12 Gift Giving Especially in collectivistic cultures, gift giving is the norm. …Used to sustain relations, repay past favors, and ensure preferable consideration in the future. Gifts, whatever form they take, are seen as a means of creating or sustaining an obligation that must eventually be repaid. (“Potlatch”) The West (U.S.) views these payments as a form of bribery! It’s illegal.

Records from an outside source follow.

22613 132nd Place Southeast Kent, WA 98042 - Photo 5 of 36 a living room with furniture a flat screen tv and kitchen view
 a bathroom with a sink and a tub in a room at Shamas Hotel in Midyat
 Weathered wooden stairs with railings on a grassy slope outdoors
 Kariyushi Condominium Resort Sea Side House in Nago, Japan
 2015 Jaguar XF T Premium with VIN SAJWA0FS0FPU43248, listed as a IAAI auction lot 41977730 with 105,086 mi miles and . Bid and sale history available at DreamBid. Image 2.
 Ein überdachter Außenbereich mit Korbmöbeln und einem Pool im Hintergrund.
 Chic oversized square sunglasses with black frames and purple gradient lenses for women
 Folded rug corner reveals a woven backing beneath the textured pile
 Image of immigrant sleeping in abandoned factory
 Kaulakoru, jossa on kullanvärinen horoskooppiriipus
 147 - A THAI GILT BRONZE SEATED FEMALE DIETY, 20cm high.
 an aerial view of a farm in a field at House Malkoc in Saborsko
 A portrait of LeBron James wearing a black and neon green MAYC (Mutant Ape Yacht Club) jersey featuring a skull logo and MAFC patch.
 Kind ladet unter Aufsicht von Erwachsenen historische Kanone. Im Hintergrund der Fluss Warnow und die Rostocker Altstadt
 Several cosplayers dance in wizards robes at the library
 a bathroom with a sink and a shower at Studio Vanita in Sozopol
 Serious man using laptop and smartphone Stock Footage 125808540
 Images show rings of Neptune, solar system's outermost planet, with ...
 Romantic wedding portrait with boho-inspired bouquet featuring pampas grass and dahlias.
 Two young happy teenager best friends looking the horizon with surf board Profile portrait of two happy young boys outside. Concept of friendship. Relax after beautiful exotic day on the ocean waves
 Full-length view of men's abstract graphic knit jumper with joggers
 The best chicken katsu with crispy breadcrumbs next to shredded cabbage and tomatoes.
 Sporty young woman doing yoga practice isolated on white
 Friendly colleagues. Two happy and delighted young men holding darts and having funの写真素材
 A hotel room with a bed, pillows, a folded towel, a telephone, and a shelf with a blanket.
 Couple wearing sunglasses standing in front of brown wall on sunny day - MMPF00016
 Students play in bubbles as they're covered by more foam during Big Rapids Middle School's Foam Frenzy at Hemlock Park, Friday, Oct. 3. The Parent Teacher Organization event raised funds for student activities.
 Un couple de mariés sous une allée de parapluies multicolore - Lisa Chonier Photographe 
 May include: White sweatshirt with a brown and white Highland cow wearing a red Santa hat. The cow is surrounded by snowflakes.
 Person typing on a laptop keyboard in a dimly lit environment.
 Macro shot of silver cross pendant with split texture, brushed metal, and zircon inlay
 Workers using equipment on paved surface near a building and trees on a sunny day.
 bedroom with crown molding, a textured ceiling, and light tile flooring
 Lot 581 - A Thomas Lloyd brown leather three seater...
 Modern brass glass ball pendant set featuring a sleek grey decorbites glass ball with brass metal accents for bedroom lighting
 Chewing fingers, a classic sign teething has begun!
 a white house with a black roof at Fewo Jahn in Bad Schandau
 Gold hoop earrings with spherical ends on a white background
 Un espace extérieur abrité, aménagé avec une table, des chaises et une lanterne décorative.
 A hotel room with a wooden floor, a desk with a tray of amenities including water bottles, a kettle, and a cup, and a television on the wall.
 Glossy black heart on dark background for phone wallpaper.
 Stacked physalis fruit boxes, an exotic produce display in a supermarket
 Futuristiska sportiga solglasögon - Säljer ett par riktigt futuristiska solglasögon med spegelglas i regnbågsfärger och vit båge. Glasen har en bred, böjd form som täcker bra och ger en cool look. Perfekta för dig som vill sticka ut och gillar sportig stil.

13 Negotiation Styles Negotiations are integral to all international mergers, joint ventures, import of raw materials, export of finished products, patent licensing agreements, and every other cross-cultural, commercial undertaking! Of course they are culture-ruled! International negotiators work to achieve mutually agreeable solutions, while concurrently trying to minimize differences, misunderstandings, and conflicts. The means? COMMUNICATION!

14 Participant Perspective
U.S. approach… is akin to the classical Greek tradition of rhetorical eloquence, argumentation, debate, and persuasion (a direct, somewhat confrontational approach). Quick results. Maximum profits with a short-term perspective. The Japanese, Chinese… negotiators take a long-term view…build a relationship, establish a level of trust, determine if we want to enter into a business deal. For the Russians… negotiations are simply a forum for debate, an opportunity to convince the other side of the rightfulness of their position. Rather than compromise on an issue, they will simply reiterate their original arguments expecting the other side to see the correctness of the Russian position!

15 Influence of Internet on the business world
The “astonishing fall in the cost of transferring information around the world” has forced businesses to think and act from a global perspective. P 252 Internet creates a need and a demand for international businesses to adopt uniform standards and practices, irrespective of national borders and cultural differences.

16 Internet in business, con’t.
Japan—Corporate employees can use IT to promulgate and discuss relevant issues w/o the need for face-to-face interaction. provides an anonymity which “encourages people to use casual and blunt language.” messages deprive the receiver of the broader context, including nonverbal cues, which is so critical to Japanese high-context communication. Younger Japanese workers prefer the more direct style.

17 Domestic Business Context
Increased Immigration … all segments of the U.S. economy will have to be knowledgeable of and responsive to the many issues that hold potential for cross-cultural conflict. As the workforce becomes more diverse, the opportunities for racial, ethnic, language, and religious discrimination will also expand.

18 Time element in Negotiations
The West wants to hurry it along. Rushing doesn’t work with Asians, Arabs, and Latin Americans… … who want to get to know the other party. They see it as a long-term relationship, kinda like a marriage…thus much time is spent on entertaining, sightseeing, etc.